• _Aim of the task_
Set the records down again in full, with every word kept.

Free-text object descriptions

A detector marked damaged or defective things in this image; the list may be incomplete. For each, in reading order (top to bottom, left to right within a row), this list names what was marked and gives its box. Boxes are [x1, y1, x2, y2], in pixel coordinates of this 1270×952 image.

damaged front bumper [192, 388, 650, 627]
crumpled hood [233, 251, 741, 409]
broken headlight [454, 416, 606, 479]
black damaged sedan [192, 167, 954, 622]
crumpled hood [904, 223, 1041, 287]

• _Task response_
A detector marked damaged or defective things in this image; the list may be incomplete. For each, in reading order (top to bottom, left to right within a row), this list names what was marked and gives its box. Boxes are [x1, y1, x2, y2], in pixel coordinates of this 1270×952 image.

damaged front bumper [192, 388, 650, 627]
crumpled hood [233, 251, 741, 409]
broken headlight [454, 416, 606, 479]
black damaged sedan [192, 167, 954, 622]
crumpled hood [904, 223, 1041, 287]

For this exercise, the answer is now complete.